» Task inputs:
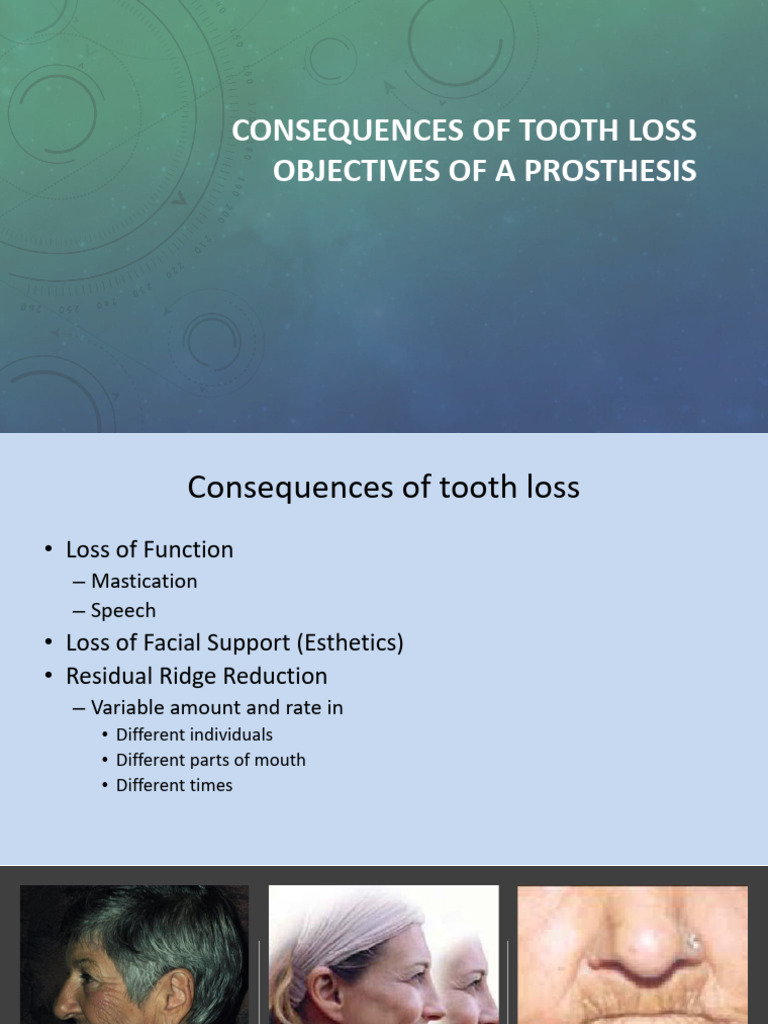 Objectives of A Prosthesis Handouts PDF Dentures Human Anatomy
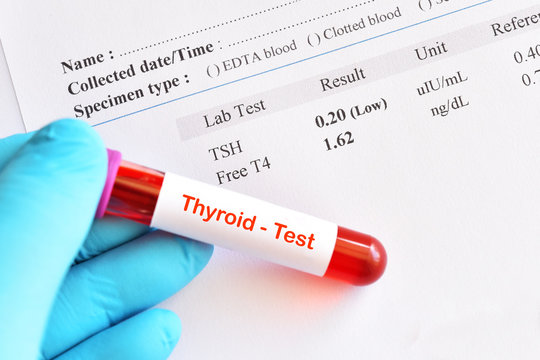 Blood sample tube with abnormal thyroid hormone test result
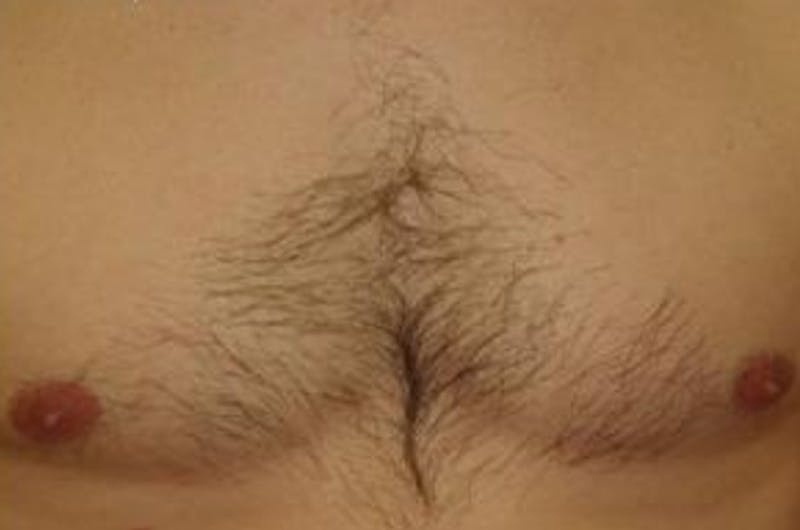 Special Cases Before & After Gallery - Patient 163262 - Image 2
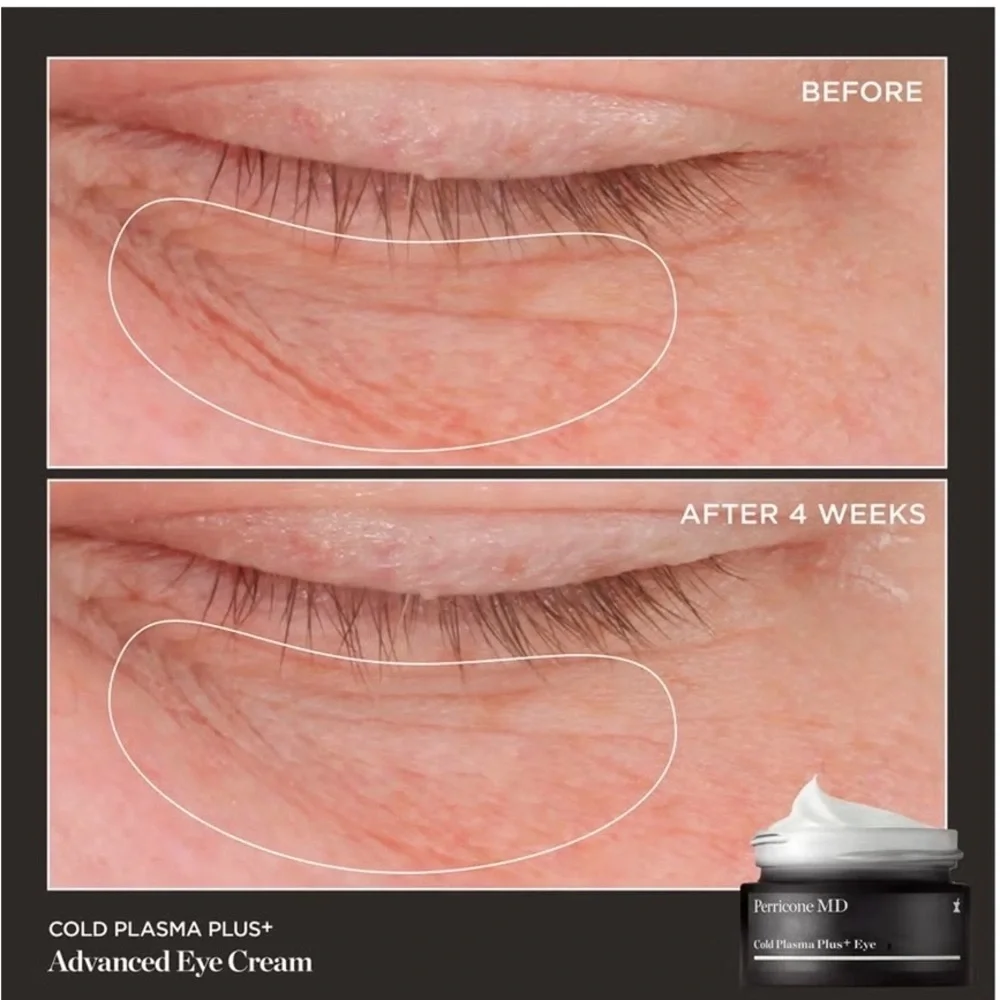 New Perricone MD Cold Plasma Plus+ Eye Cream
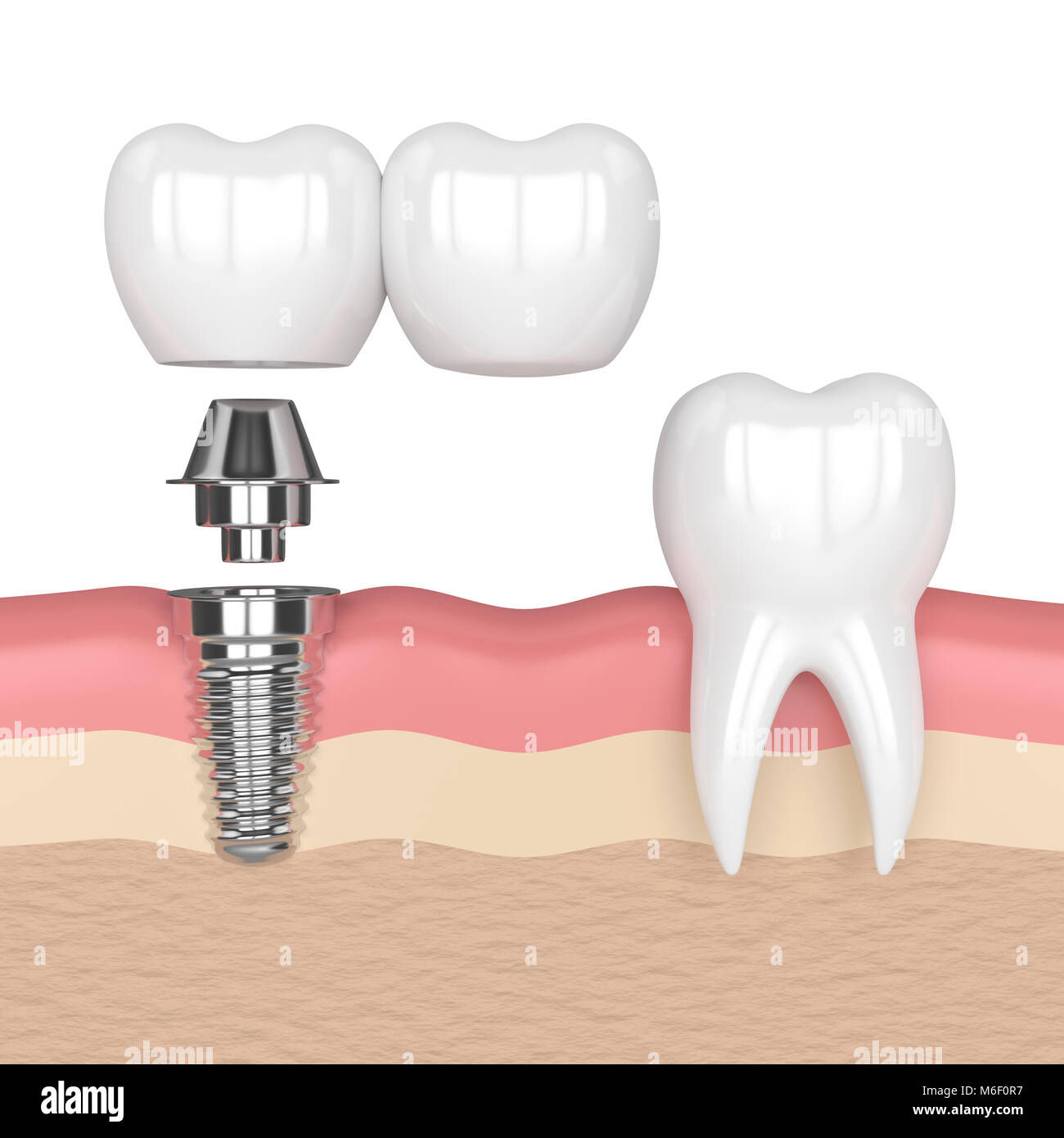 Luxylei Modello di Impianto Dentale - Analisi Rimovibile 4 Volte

» Work instructions: When you return the listing, keep each line exact and leave the pictures out.

» Reply to the task:
 Objectives of A Prosthesis Handouts PDF Dentures Human Anatomy
 Blood sample tube with abnormal thyroid hormone test result
 Special Cases Before & After Gallery - Patient 163262 - Image 2
 New Perricone MD Cold Plasma Plus+ Eye Cream
 Luxylei Modello di Impianto Dentale - Analisi Rimovibile 4 Volte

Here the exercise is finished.